The semi-finals and final of the competition took place at the Henry Wood Hall in front of a jury that included baritone Sir Thomas Allen, mezzo-soprano Alice Coote, soprano Valerie Masterson, tenor Ian Partridge and pianist James Baillieu. The final will be streamed via the competition website in two parts, and will be available on Saturday 4th and Sunday 5th December from 7:30pm for one month.

Hugh performed together with pianist George Ireland, and he sang an aria from Handel's Agrippina, d'Indy Magrigal, two of Dvorak's Biblical Songs, an extract from George Benjamin's Written on Skin and Campian's Faire, if you expect admiring. The latter piece was arranged by another former member of the choir, composer Piers Connor Kennedy.

Hugh said:

"This is obviously a huge honour; George and I are so thrilled, particularly with the flurry of supportive messages and emails that have come with it! Competitions are always an unknown entity, really, and I’m sure many of the finalists would have been worthy winners for different reasons, so we’ll take this with a pinch of salt and much gratitude.

"I owe so much to St John’s, to New College Oxford where I was a chorister, the Royal College, and most to my parents and brother who nurtured everything, especially my impressions of ‘strange altos’ like Iestyn Davies when I was 8."

Hugh is currently a member of the Royal College of Music Inertnational Opera Studio.
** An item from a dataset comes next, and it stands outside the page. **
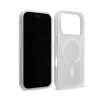 Crong Matte Magnetic MagSafe -kotelo iPhone 18 Pro / 17 Pro, valkoinen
As well as having recorded with The King’s Consort, he has recently performed together with former St John’s chorister and choral scholar Iestyn Davies on a new album with Fretwork on Signum Records. You can watch one of the duets from this album below. Forthcoming projects include performances as 'Arsace' in Handel's Partenope with Les Arts Florissants & William Christie in Barcelona and Versailles, Bach St John Passion solos with Polyphony & Stephen Layton in St John's Smith Square, and his debut with Zurich Opera in a Monterverdi Madrigals ballet.

Other Johnian choral scholars who have succeeded at the Kathleen Ferrier Awards in recent years include baritones Theodore Platt (2nd Prize, 2019) and Gareth John (1st Prize, 2013).